- _AIM OF THE TASK_
Although the records include pictures, print only the rest, exactly as written.

(Beginning of DATA EXTRACTS)

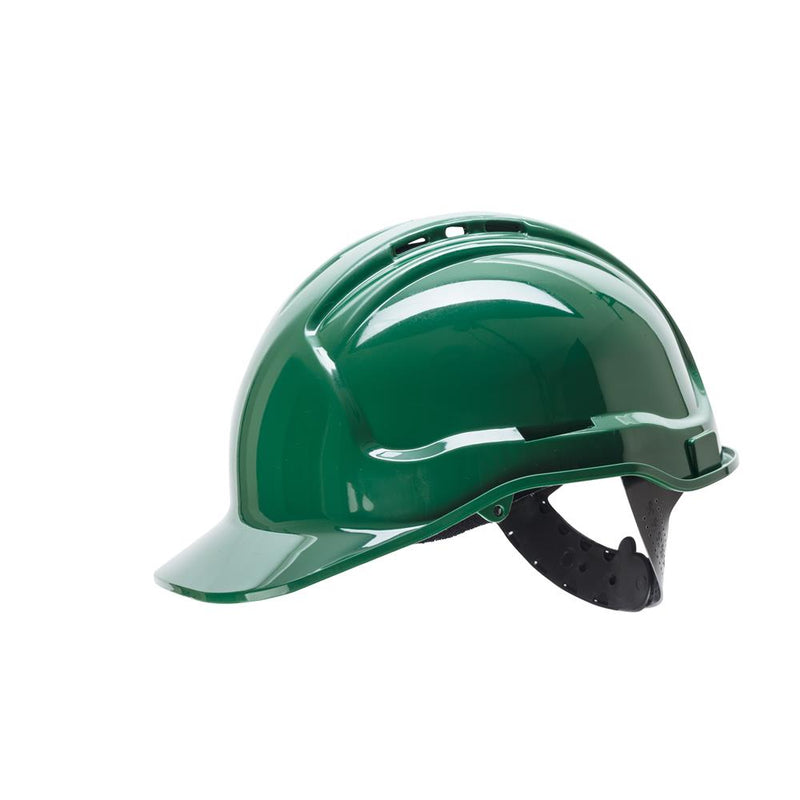 Tuffgard Hard Hat Vent 6 Point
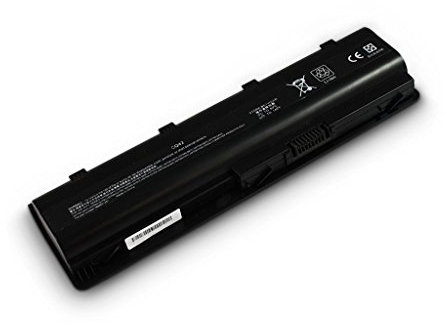 Trconelectron Replacement Notebook Laptop Battery for HP MU06 MU09 SPARE 593554-001 593553-001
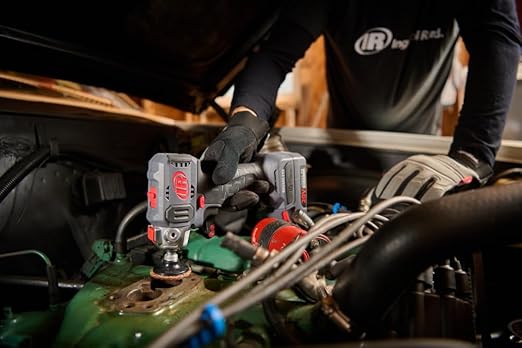 Ingersoll Rand G4621-K22 20V Cordless Polisher/Sander 2 Battery Kit, 8300 RPM, 2" & 3" Pad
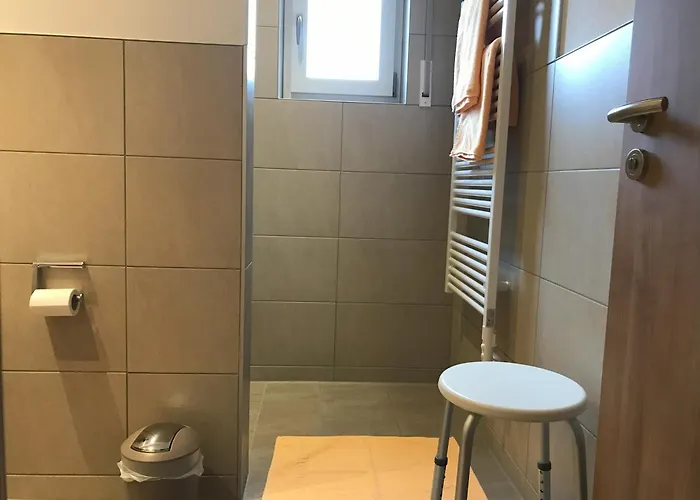 Appartementhaus Angelika شقة *
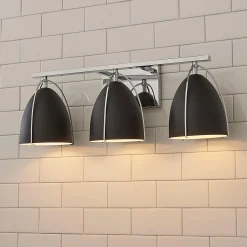 Bentlee Vanity Light - 3 Light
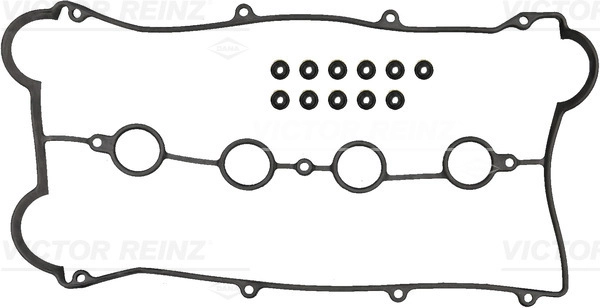 Gasket Set, cylinder head cover (WG1243306)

(End of DATA EXTRACTS)

- _TASK RESPONSE_
 Tuffgard Hard Hat Vent 6 Point
 Trconelectron Replacement Notebook Laptop Battery for HP MU06 MU09 SPARE 593554-001 593553-001
 Ingersoll Rand G4621-K22 20V Cordless Polisher/Sander 2 Battery Kit, 8300 RPM, 2" & 3" Pad
 Appartementhaus Angelika شقة *
 Bentlee Vanity Light - 3 Light
 Gasket Set, cylinder head cover (WG1243306)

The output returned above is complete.